Adanya Revisi UU TNI mendapat penolakan dari berbagai pihak. Bahkan, Koalisi Masyarakat Sipil mengeluarkan petisi ‘Tolak Kembalinya Dwifungsi melalui Revisi UU TNI’. Isi petisi tersebut terkait pasal-pasal yang direvisi berdasarkan daftar inventaris masalah (DIM), yang diajukan oleh pemerintah. Koalisi Masyarakat Sipil mengatakan revisi RUU TNI tak memiliki urgensi yang membawa TNI ke arah lebih profesional.

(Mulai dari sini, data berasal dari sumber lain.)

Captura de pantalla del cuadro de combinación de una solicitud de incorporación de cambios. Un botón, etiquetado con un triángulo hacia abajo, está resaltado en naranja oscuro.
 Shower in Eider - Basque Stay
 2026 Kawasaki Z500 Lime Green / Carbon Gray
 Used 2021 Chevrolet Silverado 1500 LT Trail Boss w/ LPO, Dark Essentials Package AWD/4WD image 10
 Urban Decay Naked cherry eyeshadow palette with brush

Petisi juga menyebutkan TNI dipersiapkan untuk perang, bukan untuk mengisi jabatan sipil.
Koalisi Masyarakat Sipil meminta perwira aktif TNI segera mengundurkan diri jika menduduki jabatan sipil.
Salah satu poin dalam pembahasan RUU TNI ini adalah mengatur jumlah kementerian dan lembaga yang dapat terisi oleh prajurit TNI aktif bertambah dari semula hanya 10 kini menjadi 14 usulan lembaga. Tambahan pos baru yang bisa jadi tempat TNI aktif itu meliputi BNPB, BNPT, dan Kejaksaan Agung, dan BNPP.
Kembalinya peran militer dalam ranah sipil memunculkan pro dan kontra. Dari sisi positif, kehadiran TNI di jabatan sipil dapat memberikan disiplin dan efisiensi dalam birokrasi.
Namun, dampak negatifnya adalah berkurangnya ruang bagi sipil dalam tata kelola pemerintahan, serta potensi melemahnya demokrasi jika tidak ada mekanisme pengawasan yang jelas.
Dwi Fungsi ABRI dalam bentuk klasik memang telah terhapus, tetapi semangatnya masih terlihat dalam berbagai kebijakan di era kini. Transformasi militer di Indonesia masih menghadapi tantangan besar untuk benar-benar beradaptasi dengan demokrasi. Keseimbangan antara profesionalisme militer dan supremasi sipil harus tetap terjaga agar tidak mengulang sejarah yang pernah terjadi.